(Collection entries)
>>>
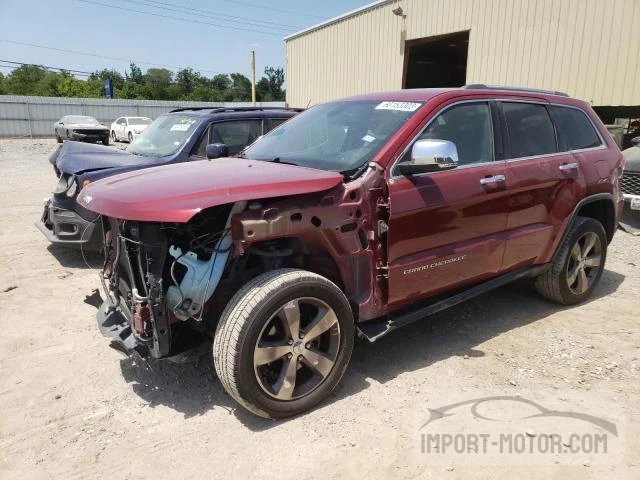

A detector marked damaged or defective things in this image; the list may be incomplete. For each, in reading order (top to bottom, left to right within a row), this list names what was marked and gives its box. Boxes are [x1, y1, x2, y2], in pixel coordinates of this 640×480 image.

crumpled hood [55, 142, 160, 175]
dark blue damaged vehicle [35, 106, 296, 249]
crumpled hood [79, 159, 344, 223]
crumpled hood [624, 145, 640, 172]
damaged red jeep grand cherokee [77, 85, 624, 416]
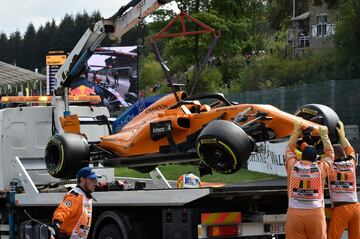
<<<
TRY IT
Could you transcribe the records above exactly, leaving every picture out?

YOUR SOLUTION
A detector marked damaged or defective things in this image; the list may be incomplete. For each, in reading order (top to bottom, left to right within a row), this list names what was marked and gives its box. Boxes are [x1, y1, x2, y2], in pixel coordinates of this 640×480 image.

crumpled hood [55, 142, 160, 175]
dark blue damaged vehicle [35, 106, 296, 249]
crumpled hood [79, 159, 344, 223]
crumpled hood [624, 145, 640, 172]
damaged red jeep grand cherokee [77, 85, 624, 416]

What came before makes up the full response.